The two don't seem to have anything to do with one another. In the middle of the Charlie craze, The Gallows' marketing team posted a video with a character from the film taking part in the meme — and that's about where the similarities end.

Wikipedia now claims, without citation, that "It was later revealed that the Charlie Charlie challenge is in fact a promotion of the upcoming film The Gallows". The explanation then found its way onto various blogs — being written up at Daily Dot, Uproxx, Complex, ONTD and others.

The supposed explanation — that rather than coming about organically the meme was created by clever marketers — seems to have originated with a video posted to social media by the team behind the Gallows film.

That video shows a version of the Charlie Charlie Challenge being played, before a loud bang is heard and a woman is dragged down some stairs. It's not clear that the first and second bit were actually made together, since the lighting and sound are different.

(Uproxx claimed in its explanation that the film was "obviously behind the social media trend", since it had been made before the Charlie Charlie Challenge took off.
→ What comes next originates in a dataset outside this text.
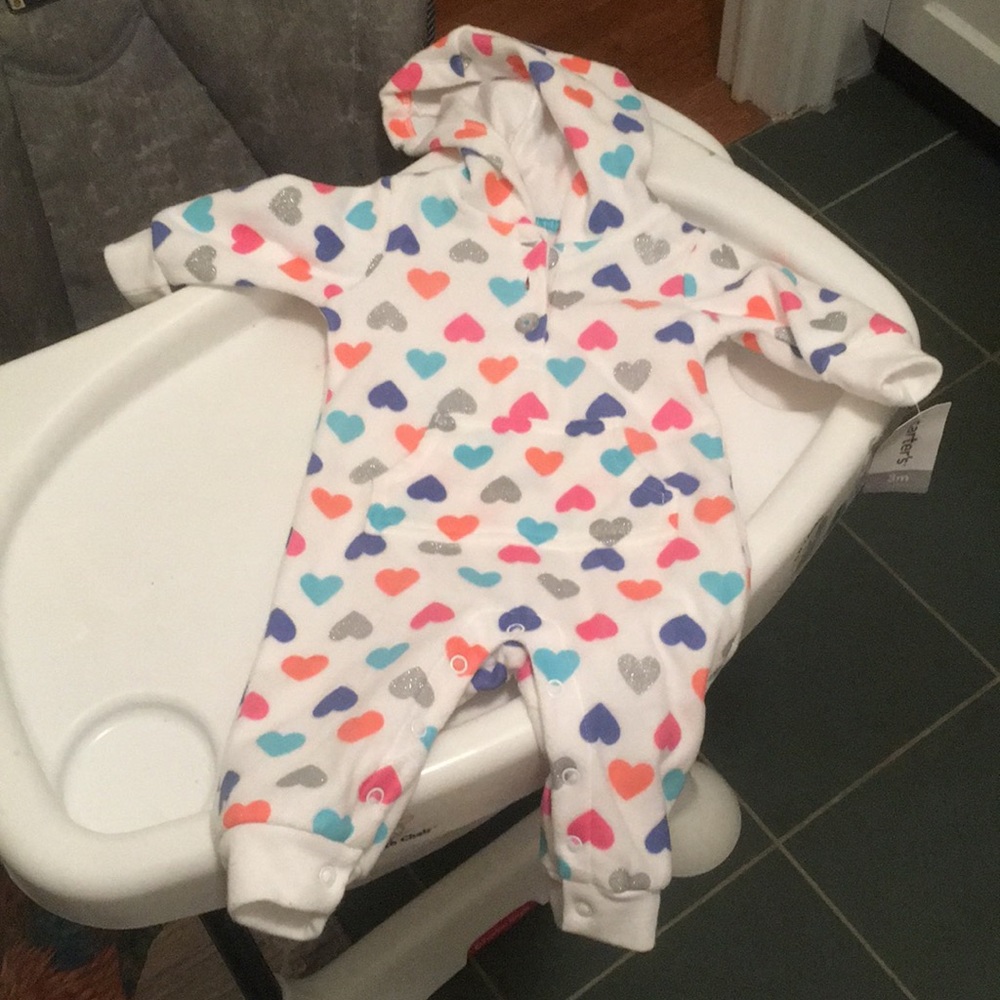 Carters fleece heart onesie - brand new with tags!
But looking at the video shows that the part with the pencils was probably put together after, and spliced in with footage from the real film.)
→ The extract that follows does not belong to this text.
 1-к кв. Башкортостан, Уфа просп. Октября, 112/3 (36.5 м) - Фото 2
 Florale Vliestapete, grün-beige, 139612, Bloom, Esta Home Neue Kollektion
As well as the Twitter video, the more commonly shared one is from the YouTube account for the Latin American division of Warner Brothers, which calls the film La Horca, or The Gallows in Spanish. While that might make the explanation more compelling, and suits the false Mexican origin story of the Charlie Charlie Challenge, The Gallows is actually in English and features American actors.

And the films were posted to both YouTube and Twitter on May 27. The Charlie Charlie Challenge was already fairly big by then — it really took off just a few days before, but had been passed around Spanish-language Twitter and Vine for as long as a month before.
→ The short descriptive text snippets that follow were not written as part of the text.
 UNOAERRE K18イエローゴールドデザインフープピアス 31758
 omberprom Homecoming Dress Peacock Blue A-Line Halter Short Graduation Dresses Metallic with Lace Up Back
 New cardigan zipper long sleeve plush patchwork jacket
The demon in the The Gallows does seem to be called Charlie. But in the trailer he’s not summoned by any game involving pencils or paper — what seems to upset him is that the students smash up the school theatre.

In fact, despite the similarities in their names, a central point of the film seems to be that people are told not to say the name. In the Charlie Charlie Challenge, saying the name keeps the demon happy — it has to be said to make him go away — not to enrage him.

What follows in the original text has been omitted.